The threat landscape of malicious applications, or malware, is persistently growing and evolving. Malware has become one of the major offensive components of the global cybersecurity threat. Accurate understanding of malware behavior is a crucial step towards developing systems that deter, detect, and defend against malware threats. Unfortunately, the widely deployed signature-based and lightweight static-analysis-based detection techniques (Antivirus) are easily evaded by techniques commonly seen in the wild, such as code obfuscation, packing, and encryption. Recent malware detection systems are moving towards a more robust dynamic analysis approach.
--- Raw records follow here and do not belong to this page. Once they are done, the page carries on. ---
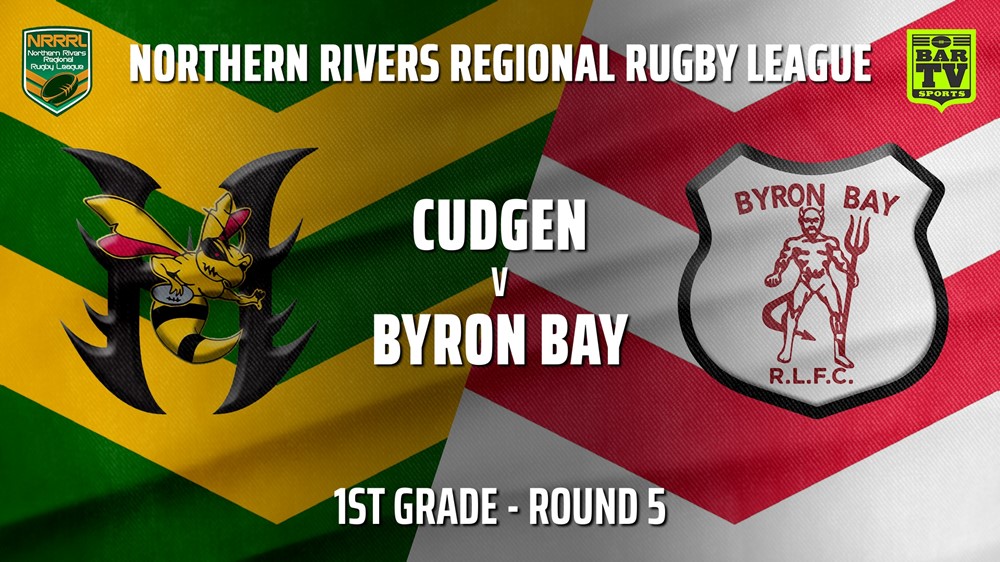 210530-NRRRL Round 5 - 1st Grade - Cudgen Hornets v Byron Bay Red Devils Slate Image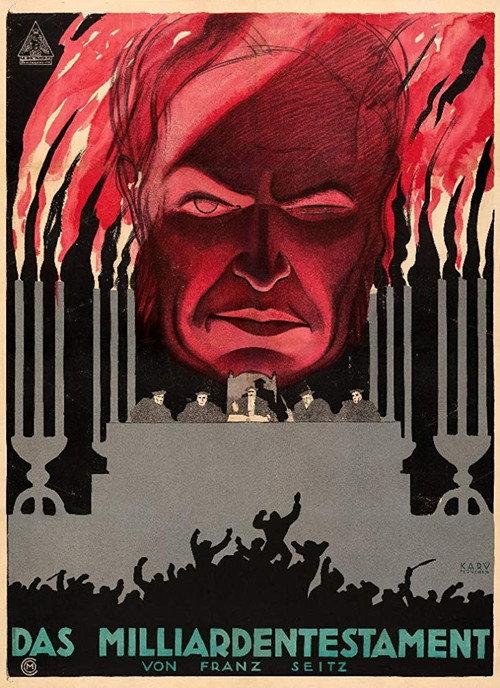 Das Milliardentestament 1920 official movie poster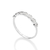 Anel skinny com zircônias de prata maciça 925 - comprar online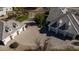 Aerial view of garages and main house showcasing driveway at 20406 E Sunset Ct, Queen Creek, AZ 85142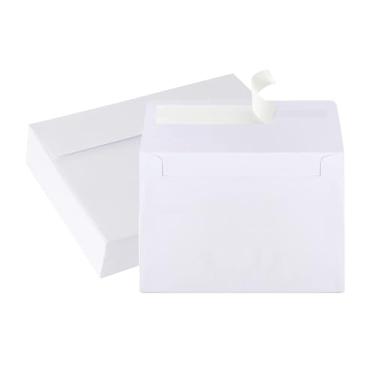 Imagem de Envelopes A2 brancos, pacote com 70, papel autovedante de 120 g/m² para cartões de 4,25 x 5,5, tamanho 4 3/20.3 cm x 5 3/10.2 cm Envelopes para convites, cartões postais, fotos RSVP, cartões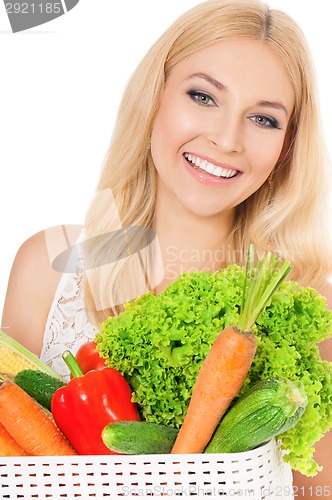 Image of Woman with vegetables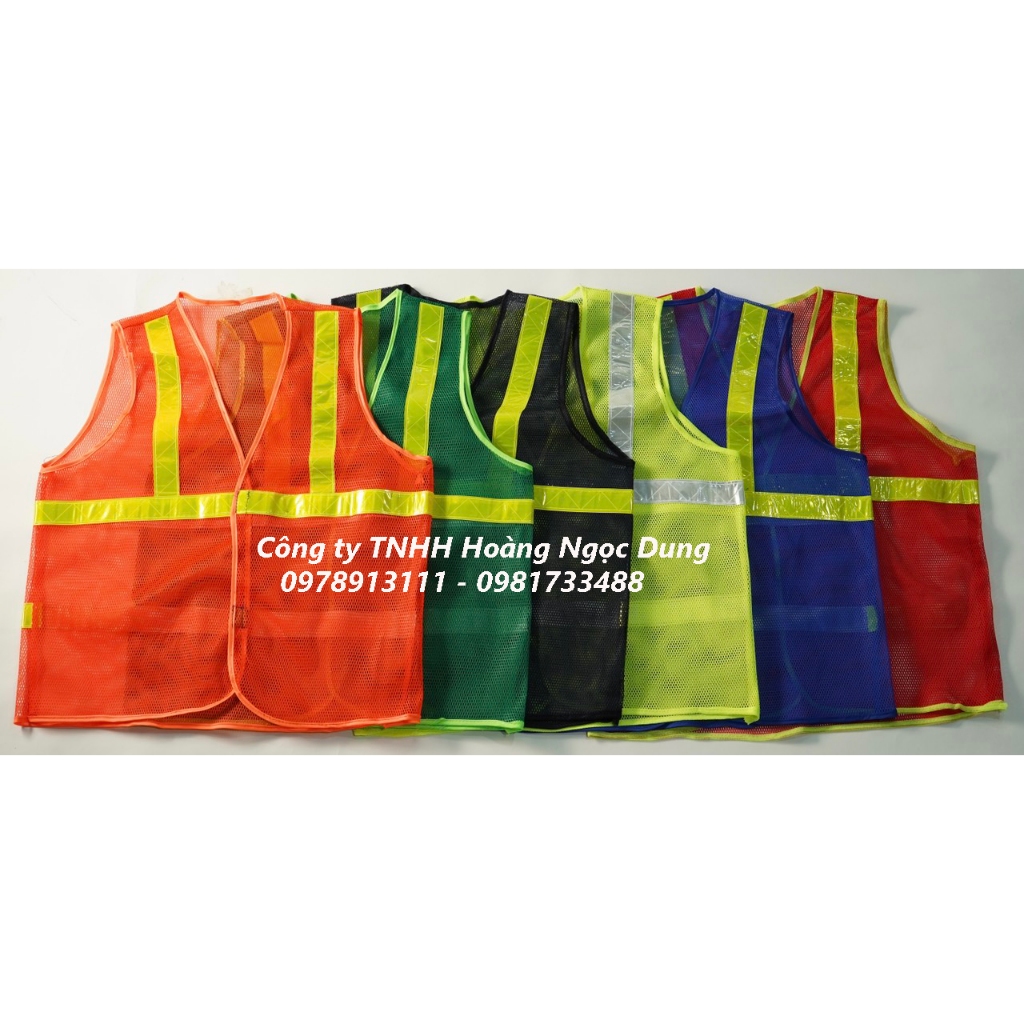 ÁO LƯỚI PHẢN QUANG. ÁO PHẢN QUANG LƯỚI THOÁNG MÁT, ÁO LƯỚI AN TOÀN LAO ĐỘNG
These systems execute suspicious samples in a controlled environment, called "sandbox", and observe malicious intent through their dynamic behavior. However, many sophisticated evasive malware samples are evading such analysis by first detecting the analysis environment and then stopping their malicious activities. Because of the sophisticated and evolving techniques used by the malware authors, so far the analysis and detection of evasive malware has been largely a manual process. This manual approach is not scalable to tens of thousands of new malware samples that we observe every day.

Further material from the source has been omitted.